Orthodox Saints of the Pre-Schism See of Rome
ALKELD (ATHILDA), there are two churches in Yorkshire dedicated to this saint about whom nothing is known save for an ancient painting showing St. Alkeld being strangled by Danish pirates. This event may safely be dated to the tenth century.
AMATOR (AMADOR), (Date Unknown), several churches dedicated in Portugal are dedicated to this hermit of whom nothing is known.
AUGUSTA, (Fifth Century), the daughter of the pagan Teutonic Duke of Friuli, who upon learning of St. Augusta’s becoming a Christian, was so angered that he personally beheaded her.
PHILETUS, LYDIA, MACEDO, THEOPREPIUS (THEOPREPIDES), AMPHILOCHIUS, and CRONIDAS, St. Philetus, a senator, his wife St. Lydia, and their children SS. Macedo and Theoprepius, were martyred in Illyria circa 121. Martyred along with St. Philetus and his family were SS. Amphilochius and Cronidas both high ranking officials.
ROMULUS, an Abbot of St. Baudilius Abbey near Nimes. When the Sarasens invaded the area, St. Romulus and his community fled, settling in the ruins of a monastery in Saissy-les-Bois, which they proceeded to refurbish. St. Romulus reposed circa 730.

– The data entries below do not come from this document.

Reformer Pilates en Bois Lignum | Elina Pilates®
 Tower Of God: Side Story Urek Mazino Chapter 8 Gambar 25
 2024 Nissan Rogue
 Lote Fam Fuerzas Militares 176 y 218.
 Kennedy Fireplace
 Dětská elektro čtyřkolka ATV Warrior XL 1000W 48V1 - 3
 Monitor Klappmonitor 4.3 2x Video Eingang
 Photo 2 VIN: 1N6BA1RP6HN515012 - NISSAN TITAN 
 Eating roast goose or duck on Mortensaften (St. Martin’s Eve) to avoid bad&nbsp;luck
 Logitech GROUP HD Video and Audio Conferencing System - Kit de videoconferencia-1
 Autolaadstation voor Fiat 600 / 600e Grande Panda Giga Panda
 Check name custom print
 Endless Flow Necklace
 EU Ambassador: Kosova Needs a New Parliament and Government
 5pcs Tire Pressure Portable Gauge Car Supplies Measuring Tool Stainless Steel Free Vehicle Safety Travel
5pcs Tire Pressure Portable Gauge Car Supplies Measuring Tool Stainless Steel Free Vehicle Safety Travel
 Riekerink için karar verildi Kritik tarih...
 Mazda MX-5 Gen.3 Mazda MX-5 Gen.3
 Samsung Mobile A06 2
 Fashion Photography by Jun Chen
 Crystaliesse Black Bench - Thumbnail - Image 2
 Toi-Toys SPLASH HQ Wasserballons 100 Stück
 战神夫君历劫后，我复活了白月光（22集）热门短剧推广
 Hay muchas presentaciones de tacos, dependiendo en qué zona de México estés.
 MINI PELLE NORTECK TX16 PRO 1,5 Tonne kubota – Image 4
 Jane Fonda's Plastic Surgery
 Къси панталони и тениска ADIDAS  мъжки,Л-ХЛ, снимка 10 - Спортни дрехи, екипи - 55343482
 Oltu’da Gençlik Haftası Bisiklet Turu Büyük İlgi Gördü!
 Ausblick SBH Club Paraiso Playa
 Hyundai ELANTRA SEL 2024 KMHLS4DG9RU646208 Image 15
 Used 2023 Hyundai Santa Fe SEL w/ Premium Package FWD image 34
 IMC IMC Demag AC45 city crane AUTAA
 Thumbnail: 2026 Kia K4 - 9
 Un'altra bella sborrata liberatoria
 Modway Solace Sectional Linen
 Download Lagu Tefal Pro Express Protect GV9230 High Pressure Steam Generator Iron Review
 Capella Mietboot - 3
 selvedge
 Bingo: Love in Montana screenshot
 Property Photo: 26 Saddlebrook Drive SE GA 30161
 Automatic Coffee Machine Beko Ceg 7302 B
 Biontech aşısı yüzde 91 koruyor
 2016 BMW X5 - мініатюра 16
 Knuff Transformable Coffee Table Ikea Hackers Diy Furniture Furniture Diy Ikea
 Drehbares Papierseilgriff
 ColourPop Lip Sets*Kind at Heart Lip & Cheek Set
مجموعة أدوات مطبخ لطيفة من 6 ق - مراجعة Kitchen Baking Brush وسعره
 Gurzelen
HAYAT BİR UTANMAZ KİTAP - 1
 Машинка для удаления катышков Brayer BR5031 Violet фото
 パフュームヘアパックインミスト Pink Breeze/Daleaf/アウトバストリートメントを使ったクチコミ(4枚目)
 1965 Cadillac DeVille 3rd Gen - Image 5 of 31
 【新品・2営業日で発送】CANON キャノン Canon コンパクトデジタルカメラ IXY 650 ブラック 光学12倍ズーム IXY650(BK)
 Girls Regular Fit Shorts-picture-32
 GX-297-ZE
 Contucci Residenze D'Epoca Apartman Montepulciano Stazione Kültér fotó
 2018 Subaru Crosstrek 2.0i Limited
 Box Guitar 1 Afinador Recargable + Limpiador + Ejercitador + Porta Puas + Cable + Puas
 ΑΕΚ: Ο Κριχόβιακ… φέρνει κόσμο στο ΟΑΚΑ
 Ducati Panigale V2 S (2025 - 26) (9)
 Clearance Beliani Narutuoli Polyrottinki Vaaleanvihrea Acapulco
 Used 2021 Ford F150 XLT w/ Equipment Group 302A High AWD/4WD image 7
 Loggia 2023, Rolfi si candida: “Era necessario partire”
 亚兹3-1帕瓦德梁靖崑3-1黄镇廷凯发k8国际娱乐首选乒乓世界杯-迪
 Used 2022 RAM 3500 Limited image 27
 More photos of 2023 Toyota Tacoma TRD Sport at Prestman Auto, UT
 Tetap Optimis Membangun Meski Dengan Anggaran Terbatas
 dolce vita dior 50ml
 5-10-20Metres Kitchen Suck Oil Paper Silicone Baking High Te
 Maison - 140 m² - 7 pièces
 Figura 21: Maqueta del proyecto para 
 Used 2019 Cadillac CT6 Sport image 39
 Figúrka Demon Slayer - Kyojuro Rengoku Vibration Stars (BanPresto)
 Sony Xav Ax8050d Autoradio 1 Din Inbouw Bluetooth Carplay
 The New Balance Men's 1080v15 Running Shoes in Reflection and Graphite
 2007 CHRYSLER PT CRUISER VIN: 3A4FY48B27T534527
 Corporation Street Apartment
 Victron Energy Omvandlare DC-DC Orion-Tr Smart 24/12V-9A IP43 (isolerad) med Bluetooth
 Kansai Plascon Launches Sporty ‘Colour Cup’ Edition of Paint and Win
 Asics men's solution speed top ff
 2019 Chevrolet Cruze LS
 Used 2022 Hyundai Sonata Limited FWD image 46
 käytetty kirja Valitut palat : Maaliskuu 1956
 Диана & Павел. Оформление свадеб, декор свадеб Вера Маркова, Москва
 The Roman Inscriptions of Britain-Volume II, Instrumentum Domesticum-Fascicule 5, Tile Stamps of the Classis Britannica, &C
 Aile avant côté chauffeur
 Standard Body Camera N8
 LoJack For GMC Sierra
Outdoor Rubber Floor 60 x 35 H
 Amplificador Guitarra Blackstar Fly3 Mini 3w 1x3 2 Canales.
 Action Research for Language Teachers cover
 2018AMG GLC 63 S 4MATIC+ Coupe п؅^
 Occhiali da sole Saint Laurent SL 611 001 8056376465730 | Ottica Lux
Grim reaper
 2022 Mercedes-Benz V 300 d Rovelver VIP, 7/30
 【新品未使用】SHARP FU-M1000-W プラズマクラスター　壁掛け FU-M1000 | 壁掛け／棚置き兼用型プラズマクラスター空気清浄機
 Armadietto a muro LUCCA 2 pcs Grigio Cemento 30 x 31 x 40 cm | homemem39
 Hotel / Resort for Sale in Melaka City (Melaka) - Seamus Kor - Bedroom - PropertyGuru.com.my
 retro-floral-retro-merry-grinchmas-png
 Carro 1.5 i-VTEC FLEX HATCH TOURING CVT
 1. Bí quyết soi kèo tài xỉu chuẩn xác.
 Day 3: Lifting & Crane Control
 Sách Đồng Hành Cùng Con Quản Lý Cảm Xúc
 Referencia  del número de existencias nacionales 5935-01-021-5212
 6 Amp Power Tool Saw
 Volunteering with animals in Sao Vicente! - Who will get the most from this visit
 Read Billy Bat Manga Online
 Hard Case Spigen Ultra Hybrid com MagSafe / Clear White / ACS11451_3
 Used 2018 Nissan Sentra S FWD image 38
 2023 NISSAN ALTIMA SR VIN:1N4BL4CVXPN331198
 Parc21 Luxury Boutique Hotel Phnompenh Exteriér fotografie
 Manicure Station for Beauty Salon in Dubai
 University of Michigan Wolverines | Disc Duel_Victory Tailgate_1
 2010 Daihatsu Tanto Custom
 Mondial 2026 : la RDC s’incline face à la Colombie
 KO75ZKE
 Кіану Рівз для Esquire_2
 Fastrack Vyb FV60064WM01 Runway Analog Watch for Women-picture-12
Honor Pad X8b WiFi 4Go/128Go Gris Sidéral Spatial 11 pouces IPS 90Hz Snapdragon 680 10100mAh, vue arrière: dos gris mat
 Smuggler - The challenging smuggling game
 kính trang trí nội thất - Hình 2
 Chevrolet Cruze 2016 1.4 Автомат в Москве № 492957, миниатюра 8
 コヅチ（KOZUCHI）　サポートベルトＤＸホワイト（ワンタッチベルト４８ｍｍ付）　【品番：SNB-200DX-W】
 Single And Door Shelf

RUPERT (ROBERT) of SALZBURG, Apostle of Bavaria and Austria. St. Rupert was a French royal who was consecrated Bishop of Worms and commenced to evangelise the south of Germany. Beginning at Regensburg, St. Rupert worked his way south, settling in the ruins of Iuvavum which had been given to him by Theodo, Duke of Bavaria (†c. 716). There St. Rupert built a monastery for men and one for women where his sister (or niece) St. Ermentrude (30th June) served as first Abbess. These laid the foundation of what came to be Salzburg, Austria. St. Rupert established his See there, and was the first Bishop of Salzburg. St. Rupert reposed circa 717.
SUAIRLECH, an Abbot of Fore Abbey in Co. Westmeath, Ireland. He was known for his zeal, and later consecrated first Bishop of that See. St. Suairlech reposed circa 750.
Prior to the Schism the Patriarchate of Rome was Orthodox, and fully in communion with the Orthodox Church. As Saint John of Shanghai and San Francisco +1966 said “The West was Orthodox for a thousand years, and her venerable Liturgy is far older than any of her heresies”.
In many cases there are several spelling versions of the names of saints from the British Isles. I use the Oxford Dictionary of National Biography version as the primary version with the more prevalent version in parenthesis e.g. Ceadda (Chad) of Lichfield.